A conclusão da Corte é que o Estado – como admitiu perante o tribunal o Governo argentino em 2022 – incorreu em “uma falha grave em seu dever de investigar um dos maiores atentados terroristas da história da região”. Não apenas isso, mas também “foram comprovadas uma série de manobras realizadas por agentes estatais com o objetivo de obstruir a investigação e encobrir os verdadeiros autores, os quais, até a presente data, não foram identificados, julgados e eventualmente sancionados”. Posteriormente, o Estado não cumpriu sua obrigação “de investigar e punir os responsáveis por este encobrimento, dever que também não foi executado de forma diligente ou em um prazo razoável”. A Corte Interamericana destaca também que o conjunto de irregularidades, juntamente com as dificuldades enfrentadas pelos familiares das vítimas para acessar informações sobre o caso, “violaram o direito à verdade”.
A reparação
O veredicto do tribunal interamericano determina uma série de medidas reparatórias que a Argentina deve cumprir. Primeiramente, ordena ao Estado remover imediatamente “todos os obstáculos” e “reabrir as investigações necessárias para identificar, julgar e, se necessário, punir os responsáveis pelos fatos, seu encobrimento e, assim, poder estabelecer a verdade dos acontecimentos, tudo isso em um prazo razoável”. Em segundo lugar, instrui a divulgar o veredicto, realizar “um ato público de reconhecimento” e “um documentário audiovisual”, bem como criar um arquivo histórico acessível ao público sobre o ataque, a investigação, seu encobrimento e o papel das associações de vítimas.

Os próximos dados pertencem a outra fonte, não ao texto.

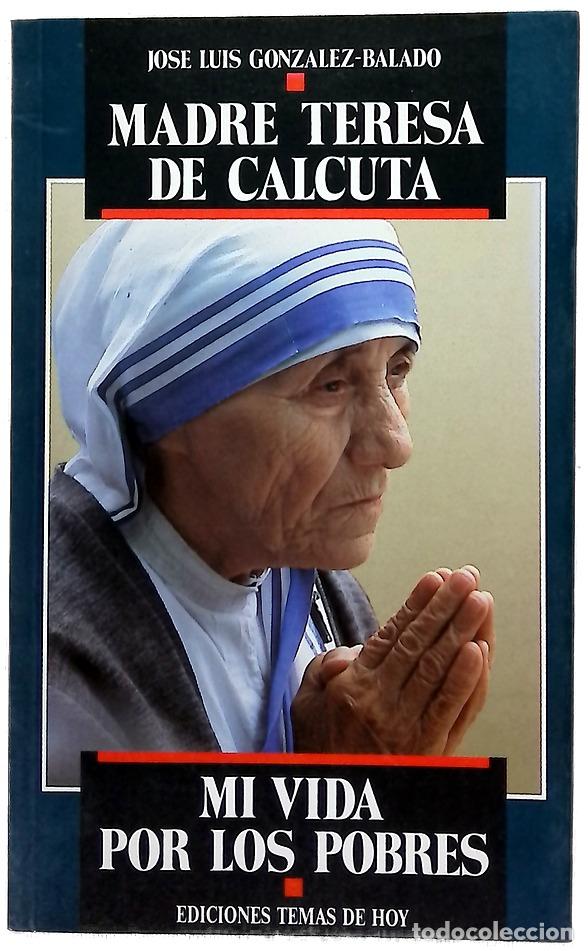 Libros: Mi vida por los pobres - Teresa de Calcuta; Gonz&aacute;lez-Balado, Jos&eacute; Luis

A sentença pede ao Estado, em terceiro lugar, que regule a incorporação de informações de inteligência como prova judicial e desenvolva um programa de capacitação sobre seu uso. Também exige “dar pleno acesso às vítimas e aos autores a toda a investigação e informações relacionadas ao ataque e seu encobrimento”. Por fim, a Corte decidiu que o Estado deve indemnizar com 50.000 dólares cada grupo de vítimas e familiares identificados no caso “para reparar de forma unificada ou conjunta os danos materiais e imateriais, como compensação por estes e considerando as diferentes violações aos direitos humanos sofridas”.
Existem possibilidades, 30 anos após o atentado, de desvendar quem e por que estavam por trás do atentado à AMIA? Litvachky, diretora do CELS, não perde a esperança: “Com um Ministério Público forte, com mais recursos, com determinação política, pode-se avançar para a construção de uma verdade sólida”.